■ Input records:
=-=-=-=-=
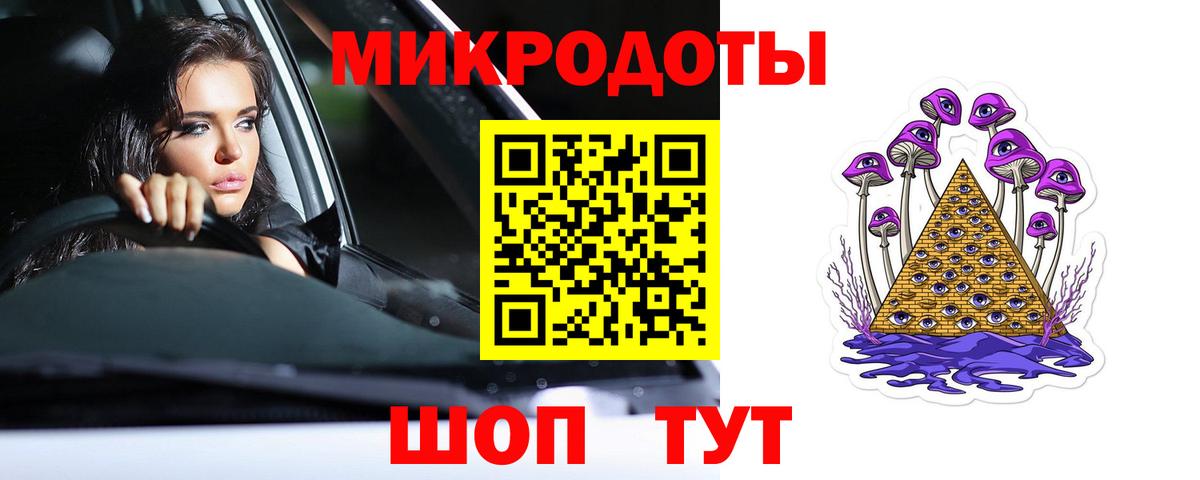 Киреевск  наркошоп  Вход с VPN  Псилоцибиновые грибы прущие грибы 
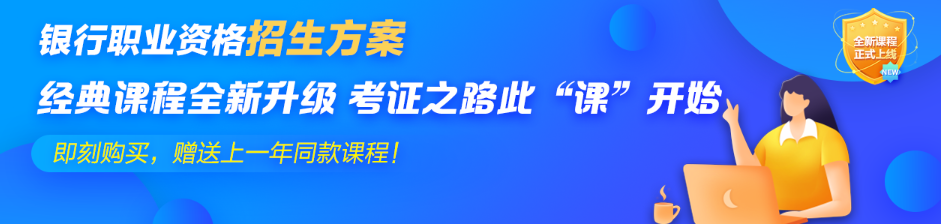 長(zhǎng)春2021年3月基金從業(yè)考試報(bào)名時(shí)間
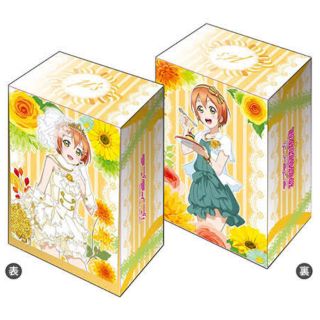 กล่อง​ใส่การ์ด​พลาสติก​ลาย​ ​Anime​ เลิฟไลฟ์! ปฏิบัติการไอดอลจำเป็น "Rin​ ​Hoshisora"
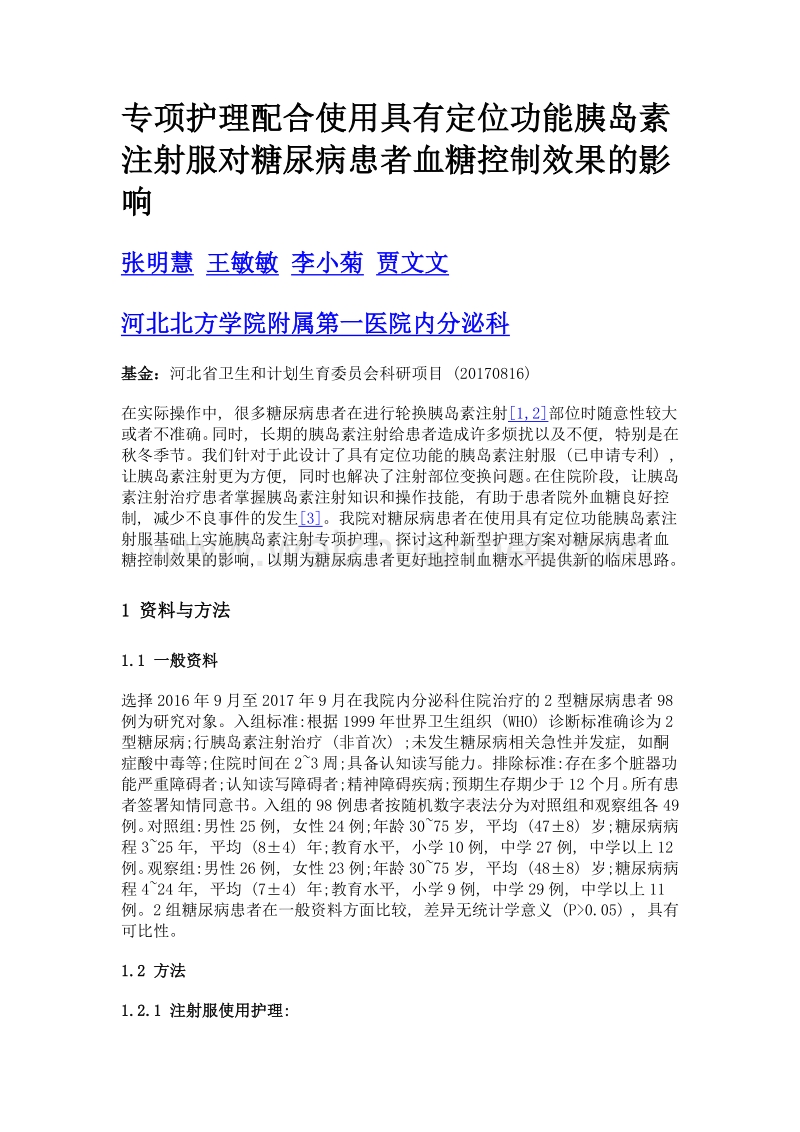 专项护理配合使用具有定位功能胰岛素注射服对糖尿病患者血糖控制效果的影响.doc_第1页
=-=-=-=-=
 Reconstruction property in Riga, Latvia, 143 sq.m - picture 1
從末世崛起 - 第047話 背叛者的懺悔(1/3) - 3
=-=-=-=-=
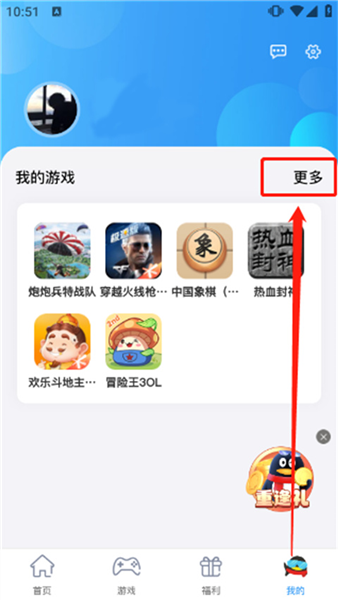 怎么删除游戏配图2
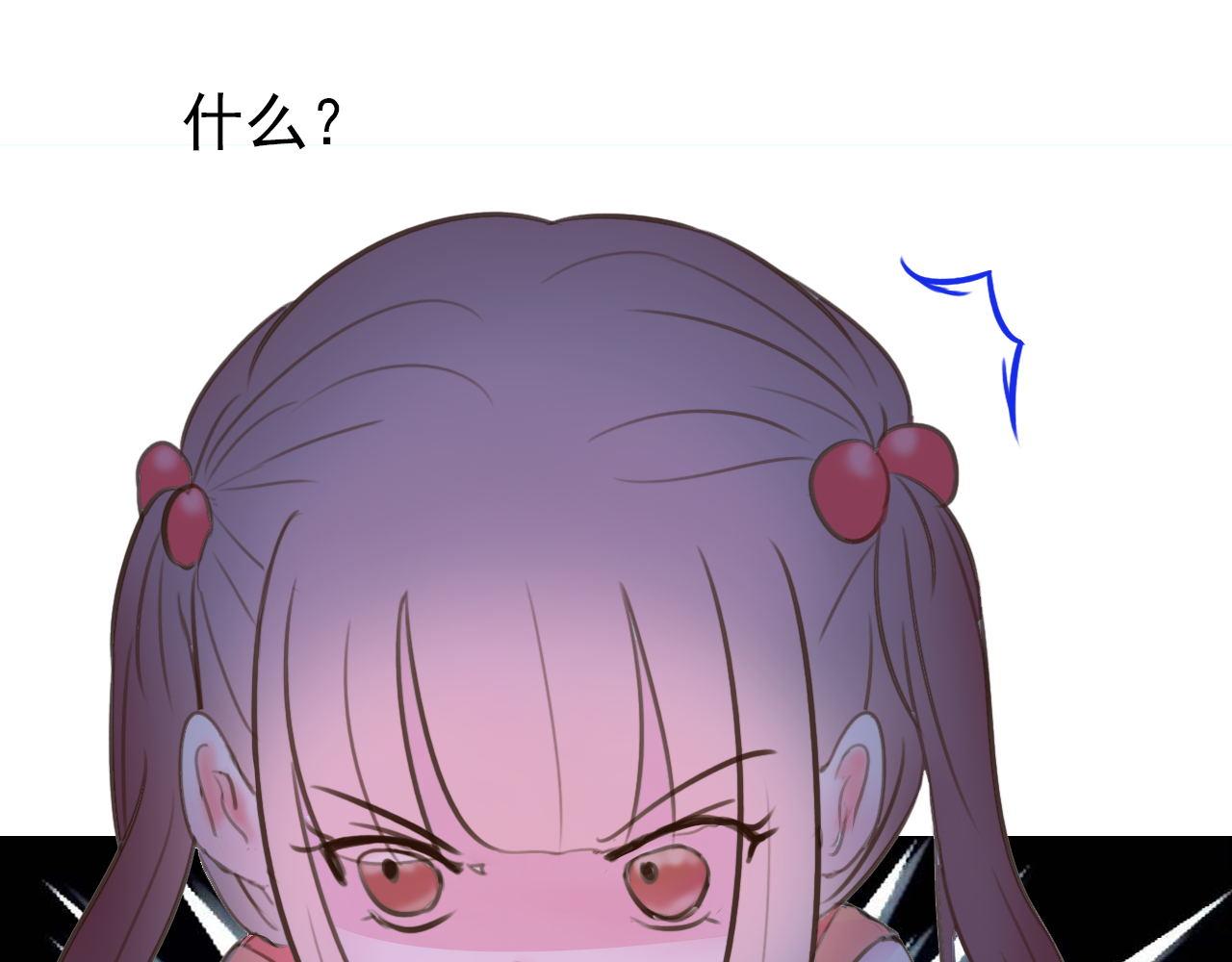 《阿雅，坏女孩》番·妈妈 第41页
=-=-=-=-=
■ Work task: Of all the material above, only the lines from the one that has "กล่อง​ใส่การ์ด​พลาสติก​ลาย​ ​Anime​ เลิฟไลฟ์!" down to the one that has "专项护理配合使用具有定位功能" are to be written out, exactly and with both ends included. Pictures are skipped.

■ Result below:
 กล่อง​ใส่การ์ด​พลาสติก​ลาย​ ​Anime​ เลิฟไลฟ์! ปฏิบัติการไอดอลจำเป็น "Rin​ ​Hoshisora"
 专项护理配合使用具有定位功能胰岛素注射服对糖尿病患者血糖控制效果的影响.doc_第1页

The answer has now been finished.